Emergent — call 911 or go to the ER
Call 911 (or 999 in the UK) immediately. A non-blanching rash with fever — even a single spot — is a medical emergency until proven otherwise. Do not wait to see if it spreads; mortality climbs by the hour. Antibiotics given before hospital arrival improve survival. If you cannot reach emergency services, drive the patient to the nearest ER while someone calls ahead.
Common misdiagnosis
On Black skin, the rash is most often missed on visual inspection alone. Clinicians unfamiliar with darker-skin presentation have documented cases of early meningococcal disease being dismissed as viral exanthem or non-specific viral illness. The glass test must be done on every febrile patient with any rash.
See it for yourself — curated external imagery
We don't host clinical photos here. The links below go to peer-reviewed or open-access sources (Mind the Gap, DermNet NZ, PubMed Central, and similar). Each opens in a new tab.

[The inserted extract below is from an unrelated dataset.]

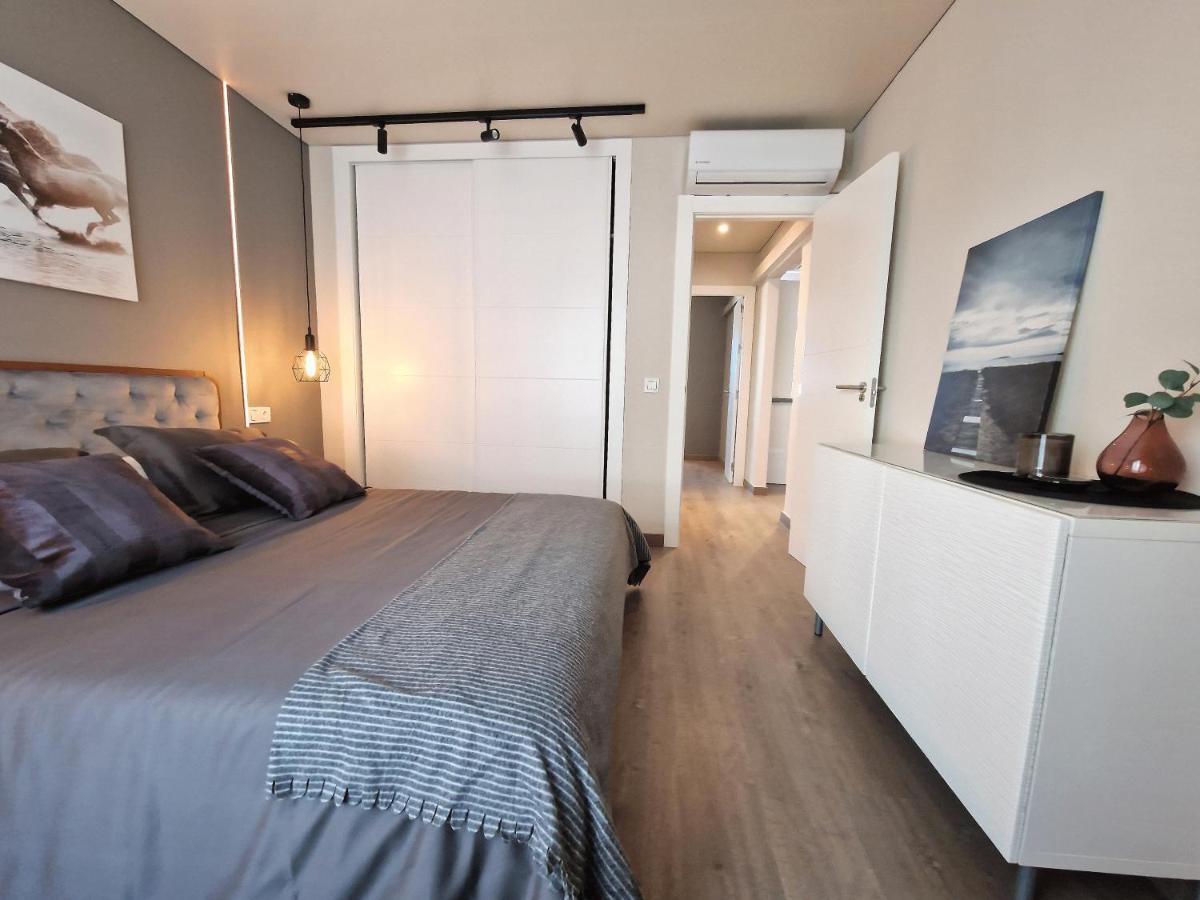 Emerald Apartment - Spacious Modern 2 Bedroom Benalmádena Kültér fotó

- Mind the Gap handbook (Mukwende M., St George's, University of London, 2020) — downloadable handbook of clinical signs in Black and brown skin. Meningococcal petechiae and purpura plates illustrate the subtle colour change.
- DermNet NZ — Meningococcal disease — clinical images and a description of meningococcal septicaemia including examples on pigmented skin in their skin-of-colour gallery.
- CDC — Meningococcal disease photos — the agency's public-facing image library with examples of purpura fulminans progression.
- Meningitis Research Foundation — Glass test guide — parent-facing instructions with photographs on light and dark skin.
References
- Mukwende M, Tamony P, Turner M. Mind the Gap: a handbook of clinical signs in Black and brown skin. St George's, University of London; 2020.
- National Institute for Health and Care Excellence. Bacterial meningitis and meningococcal septicaemia in under 16s: recognition, diagnosis and management (CG102). Updated 2024.
- Thompson MJ, Ninis N, Perera R, et al. Clinical recognition of meningococcal disease in children and adolescents. Lancet. 2006;367:397-403. PMID: 16458763.
- Cohn AC, MacNeil JR, Clark TA, et al. Prevention and control of meningococcal disease. MMWR Recomm Rep. 2013;62(RR-2):1-28.
Medical disclaimer
Educational content only. This is not a substitute for in-person evaluation. If you are worried about yourself or someone you love, see a clinician — and if you are concerned about an emergency sign described here, call 911 or your local emergency number. We do not host clinical imagery; the external references are for reader self-education and are not owned by or affiliated with Black Health.